Print out the full material below, exact in every line, with no images included.
------------------------------------------------------------------------
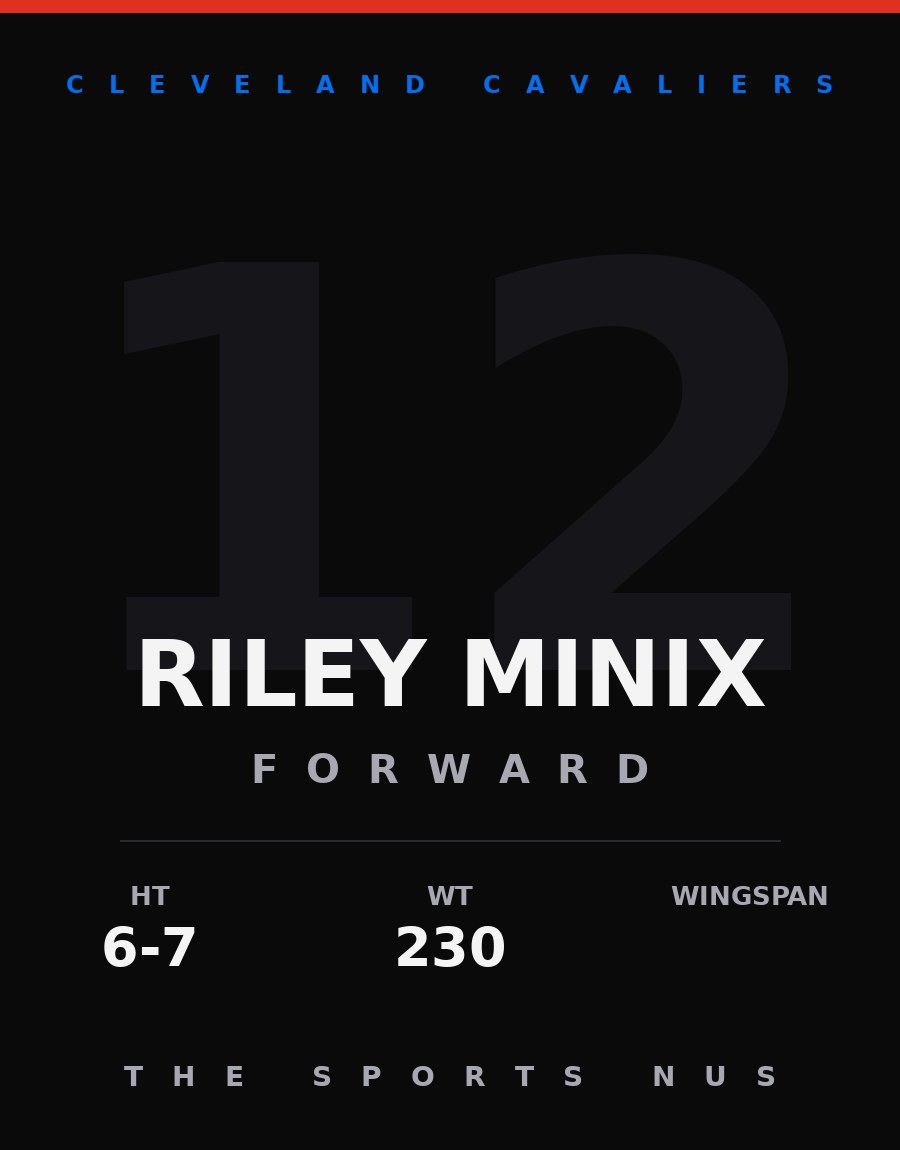 Riley Minix player card: Cleveland Cavaliers forward, number 12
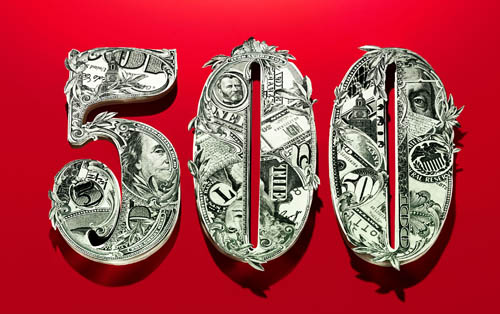 小米要做成世界500強,你敢信么?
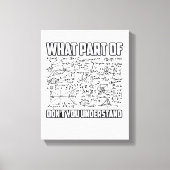 Welk Deel Begrijp Je Niet? Grappige Wiskunde Canvas Afdruk (Voorkant)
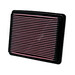 K&N High Flow Replacement Air - single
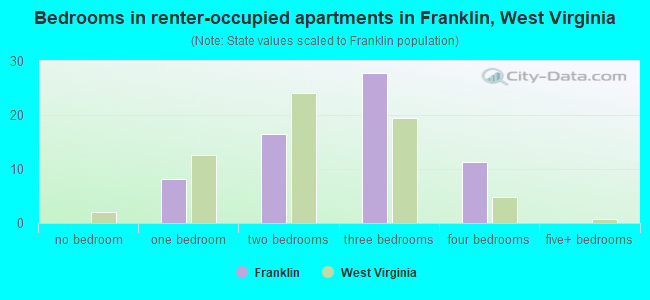 Bedrooms in renter-occupied apartments in Franklin, West Virginia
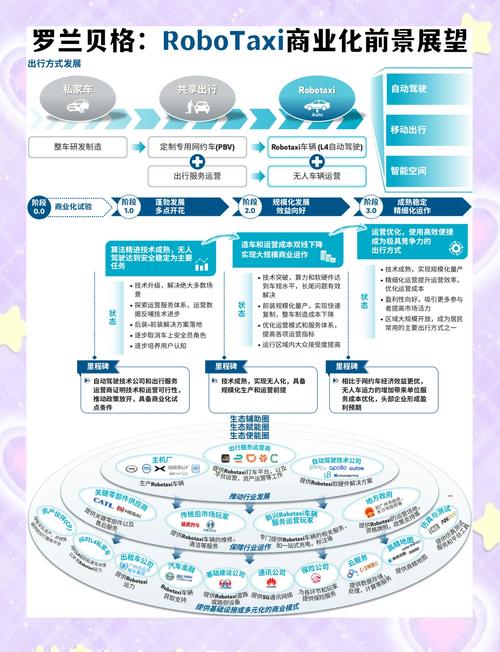 巴士管家可以直接扫码_互联网便捷交通出行新模式_春运二维码扫码乘车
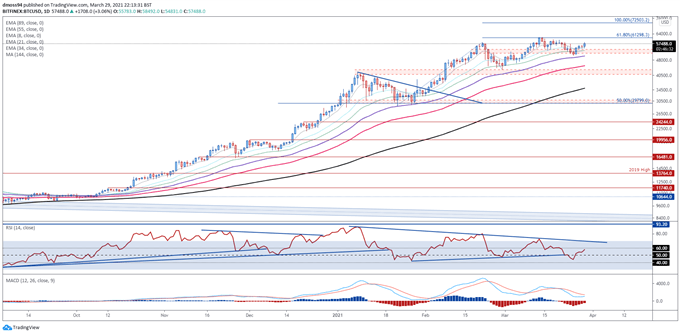 Bitcoin (BTC), Ethereum (ETH) Forecast: Visa Adoption to Buoy Cryptos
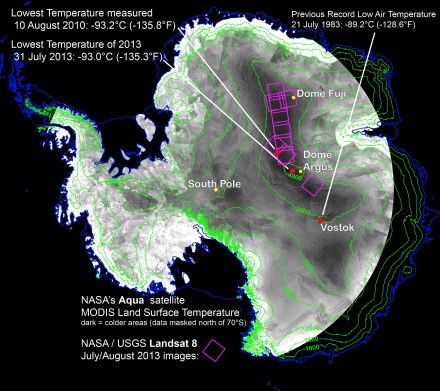 NASA的Landsat 8卫星测量数据显示，地球上最冷的地方位于南极大陆东部一条无人涉足的冰脊附近，2013年7月31日地表温度在冬夜降至零下93.0摄氏度，这是有记录以来地球的最低温。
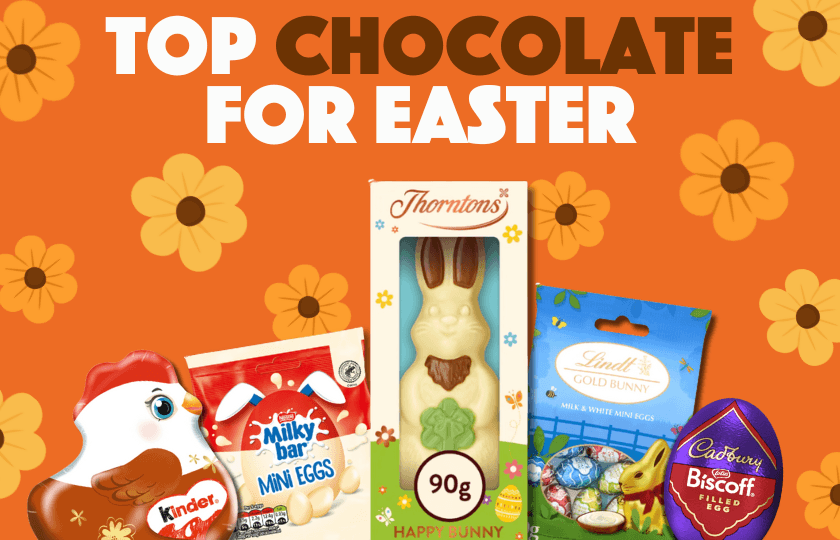 Top Chocolate Treats for Easter
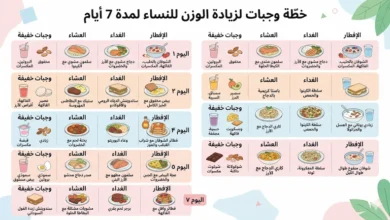 جدول لزيادة الوزن في أسبوع للنساء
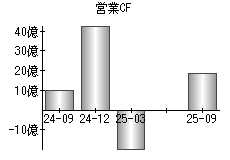 営業活動によるキャッシュフロー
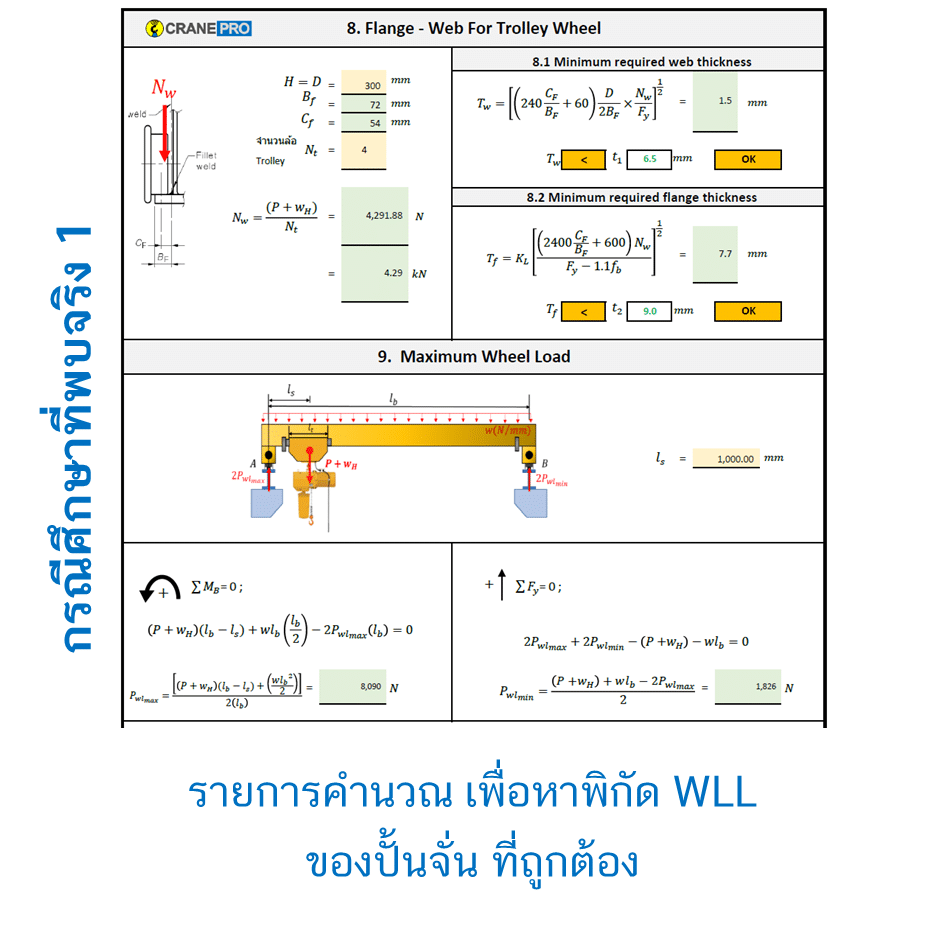 รายการคำนวณหาแรงกดที่ล้อสูงสุด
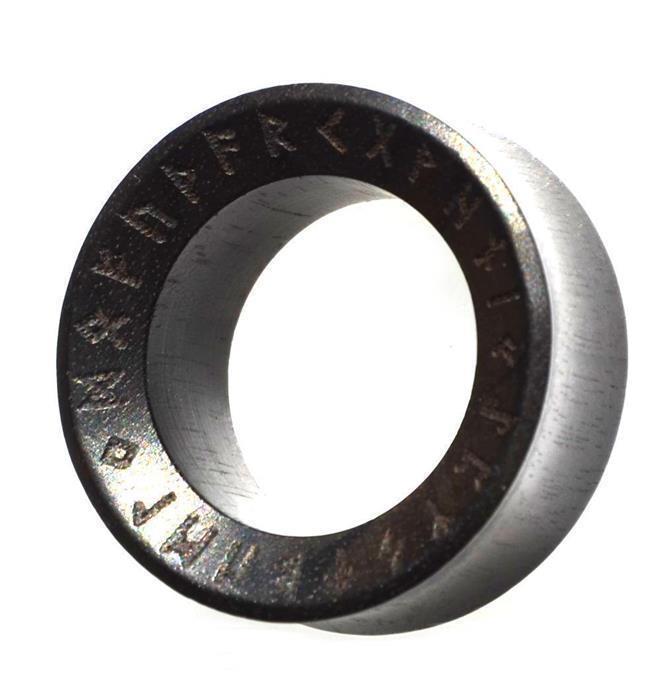 Bestseller Startseite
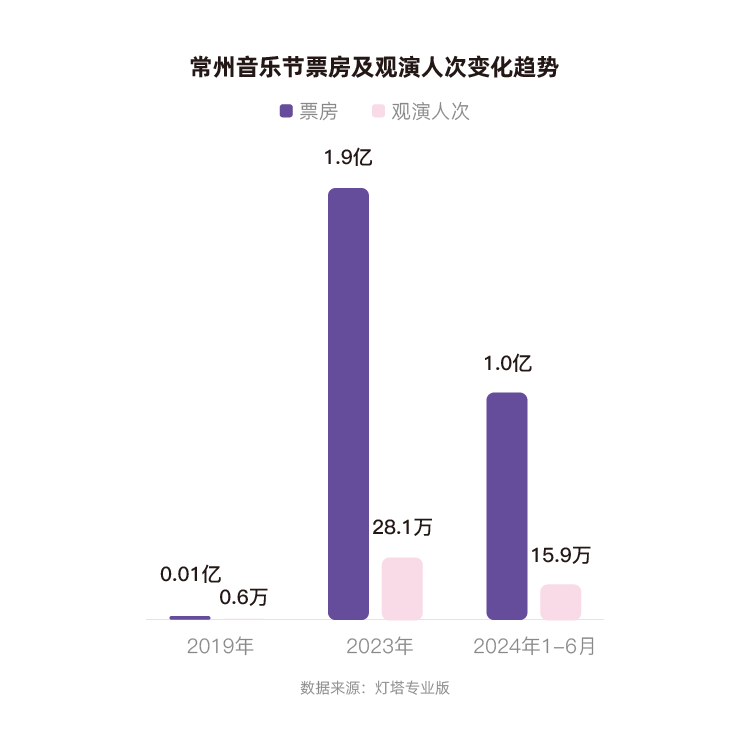 灯塔：2023年、2024年上半年，常州蝉联全国音乐节城市票房第一-第1张图片-领航者区块链资讯站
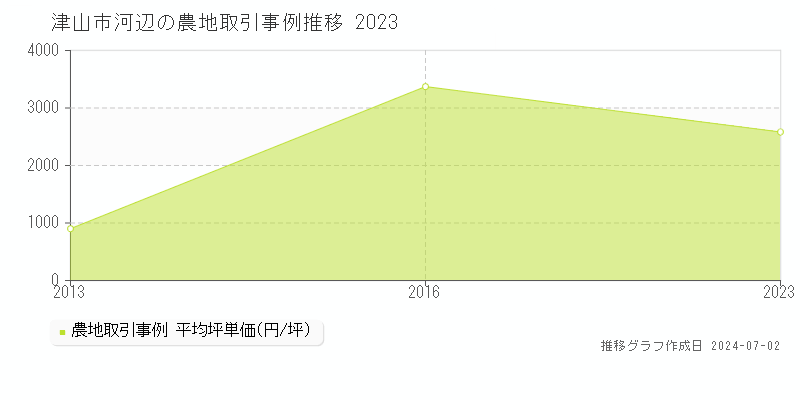 津山市河辺の農地取引事例推移グラフ 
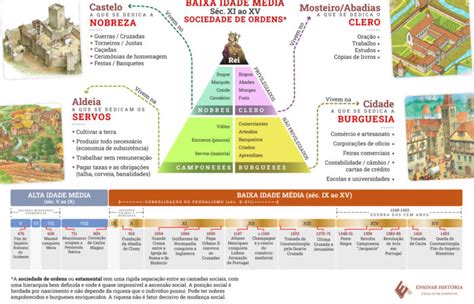 Sociedade Medieval Ensinar História Joelza Ester Domingues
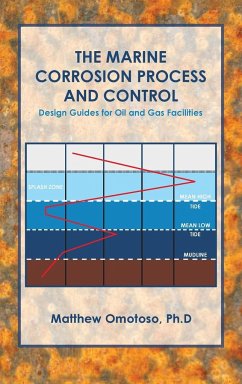 The Marine Corrosion Process and Control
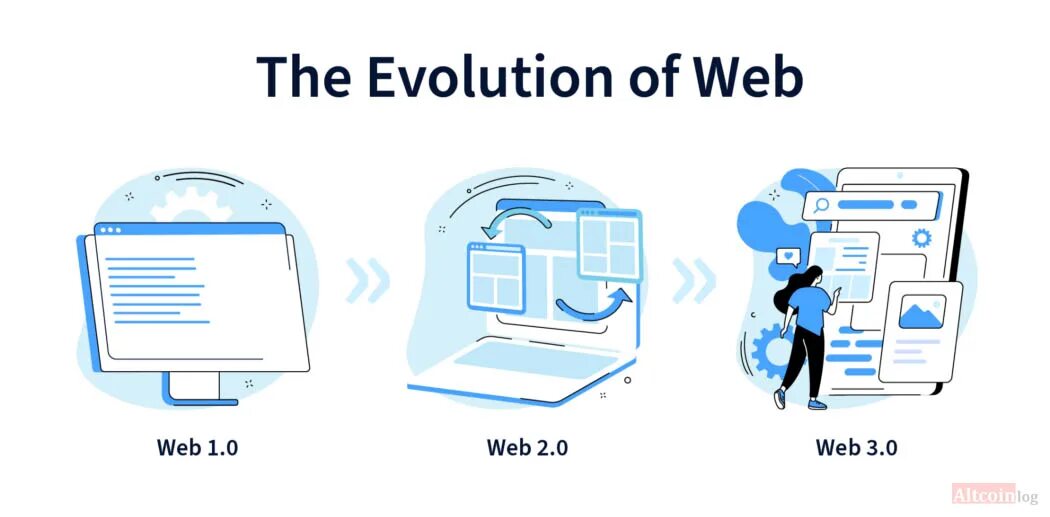 Ton web3. Технология web 3.0. Web1 web2 web3 картинки. Перспектива развития web 3.0. Web 3.0 протоколы.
------------------------------------------------------------------------
SOLVED EXERCISE =
 Riley Minix player card: Cleveland Cavaliers forward, number 12
 小米要做成世界500強,你敢信么?
 Welk Deel Begrijp Je Niet? Grappige Wiskunde Canvas Afdruk (Voorkant)
 K&N High Flow Replacement Air - single
 Bedrooms in renter-occupied apartments in Franklin, West Virginia
 巴士管家可以直接扫码_互联网便捷交通出行新模式_春运二维码扫码乘车
 Bitcoin (BTC), Ethereum (ETH) Forecast: Visa Adoption to Buoy Cryptos
 NASA的Landsat 8卫星测量数据显示，地球上最冷的地方位于南极大陆东部一条无人涉足的冰脊附近，2013年7月31日地表温度在冬夜降至零下93.0摄氏度，这是有记录以来地球的最低温。
 Top Chocolate Treats for Easter
 جدول لزيادة الوزن في أسبوع للنساء
 営業活動によるキャッシュフロー
 รายการคำนวณหาแรงกดที่ล้อสูงสุด
 Bestseller Startseite
 灯塔：2023年、2024年上半年，常州蝉联全国音乐节城市票房第一-第1张图片-领航者区块链资讯站
 津山市河辺の農地取引事例推移グラフ 
 Sociedade Medieval Ensinar História Joelza Ester Domingues
 The Marine Corrosion Process and Control
 Ton web3. Технология web 3.0. Web1 web2 web3 картинки. Перспектива развития web 3.0. Web 3.0 протоколы.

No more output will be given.